Exercise: Reproduce the listing exactly, so that no line differs from the original.

Information shown:
--- START ---
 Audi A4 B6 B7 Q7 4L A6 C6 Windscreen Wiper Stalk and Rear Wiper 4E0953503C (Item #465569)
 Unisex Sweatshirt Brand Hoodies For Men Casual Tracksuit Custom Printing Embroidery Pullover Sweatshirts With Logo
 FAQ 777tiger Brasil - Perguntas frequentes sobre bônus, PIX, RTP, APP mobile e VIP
--- END ---
Result of this exercise:
 Audi A4 B6 B7 Q7 4L A6 C6 Windscreen Wiper Stalk and Rear Wiper 4E0953503C (Item #465569)
 Unisex Sweatshirt Brand Hoodies For Men Casual Tracksuit Custom Printing Embroidery Pullover Sweatshirts With Logo
 FAQ 777tiger Brasil - Perguntas frequentes sobre bônus, PIX, RTP, APP mobile e VIP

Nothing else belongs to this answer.